El diario El Economista presenta hoy un interesante artículo y comenta la Sentencia de 26 de mayo de 2009 por la cual, los contratos formalizados por el alcalde, en nombre de la Corporación, a sabiendas de que las arcas municipales no podrán cumplir por falta de presupuesto, no son objeto del delito de estafa.

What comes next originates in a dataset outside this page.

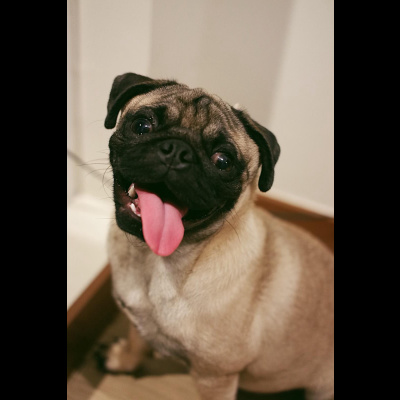 9: Top 4 reasons Dogs are the BEST (for your heart and mind)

¿Porqué? La primera de las razones, que denominaremos la Ley del Abuelo, puede enunciarse provisionalmente así: “las empresas contratadas deben realizar actuaciones mínimas de diligencia para conocer la falta de liquidez municipal antes de firmar los contratos”, copiando la afirmación de la sentencia y que me recuerda como se hacían negocios ántes. La jurisprudencia ha acuñado el principio de autoprotección del propio patrimonio, según el cual es exigible al sujeto pasivo el despliegue de un mínimo deber de diligencia en la defensa de su interés, frente a las conductas defraudatorias de escasa credibilidad.

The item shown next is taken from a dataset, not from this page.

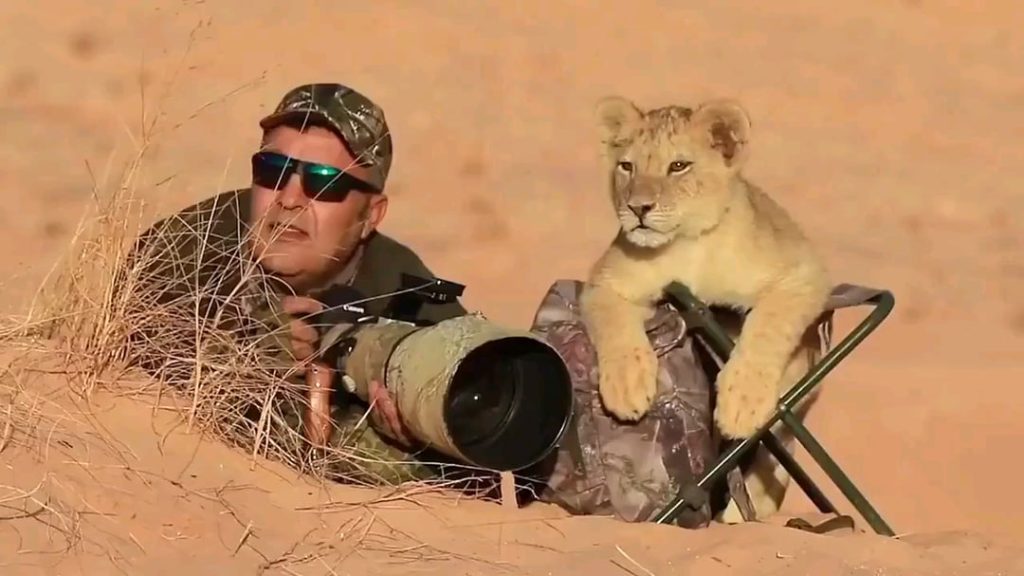 Cub joins Wildlife Photographer.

Nuestro Tribunal entiende que, al ser una entidad pública, el contrato resulta exigible y se mantiene en vigor. Además, entiende que la Alcaldesa no obró con ánimo de lucro, en beneficio propio ni del Ayuntamiento y “por definición las entidades públicas aseguran el cumplimiento de sus obligaciones”.
Historias cotidianas
Los hechos podrían estar ocurriendo en cualquier lugar. En el caso enjuiciado, la alcaldesa de un municipio de 70 vecinos, contrató con una empresa la realización de ciertos trabajos para el Ayuntamiento por importe 73.000 euros. En ese mismo año contrató la ejecución de obras en la red de saneamiento por otros 49.000 euros.
Los contratistas endosaron las facturas a una Entidad financiera, con el consentimiento de la acusada, en nombre del Ayuntamiento, pero no fueron abonadas, entregándose a los contratistas sendos cheques que resultaron sin fondos. La Audiencia Provincial absolvió a la acusada de malversación de caudales públicos y desobediencia a la autoridad judicial, condenándola por delito de estafa a un año de prisión. Sin embargo, el Supremo proclama que no se trata de un negocio jurídico criminalizado.

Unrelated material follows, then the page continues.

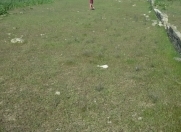 Satılır 12 sot torpaq Mərdəkan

Aunque es cierto que la acusada asumió unas obligaciones inatendibles en las condiciones en que se contrató, pues a falta de presupuesto municipal sólo podían afrontarse con subvenciones de la Diputación, que no llegaron a producirse. Sin embargo, “como los demandantes eran contratistas profesionales que ya habían trabajado para el mismo Ayuntamiento y conocían su falta de liquidez, no puede sostenerse que fueron inducidos por la acusada a error que no pudieran advertir previamente”. Por lo tanto no hubo estafa.
Ya sé que nuestros dilectos lectores, funcionarios curtidos en los expedientes de contratación, se plantan ahora algunas preguntas: ¿Si no hay contrato o los empresarios desconocen la situación financiera municipal? Por ejemplo, eran portugueses …
Lecciones
Para evitar las irregularidades, debemos hacer unos recordatorios obvios. El primero es la importancia de la propia existencia de un contrato. Es cierto que la doctrina del reconocimiento injusto, que ya hemos tratado aquí, hace innecesario el procedimiento para exigir el pago del precio, por mucho que la artículo 32 de la Ley de Contratos del Sector Público hable de causas de nulidad de derecho administrativo. Además no existe responsabilidad contable por alcance contratando al margen del procedimiento, como comentamos aquí.
En la STS de 18-2-2009 se plantea si la previsión de la legislación de contratos de que la Administración abone al contratista el interés de demora, cuando, mediando intimación por escrito, se dilate el pago de las certificaciones de obra más allá de los tres meses siguientes a su fecha, es aplicable a un supuesto en que, si bien se habían llevado a cabo a conformidad de la Administración unos trabajos correspondientes a la modificación de una obra, faltan trámites esenciales de la contratación: no hubo procedimiento ni adjudicación ni firma de contrato alguno. Y concluye que «la ley no respalda la reclamación formulada allá donde no hubo contrato, ni se puede considerar en puridad que existiera un contratista». La conclusión es rotunda: ante una demora en el pago de certificaciones, supuesto que da lugar a la reclamación de intereses, «la única disputa posible era si la cantidad abonada era o no correcta de acuerdo con la obra efectuada» De intereses nada de nada. Y siempre nos queda el interventor.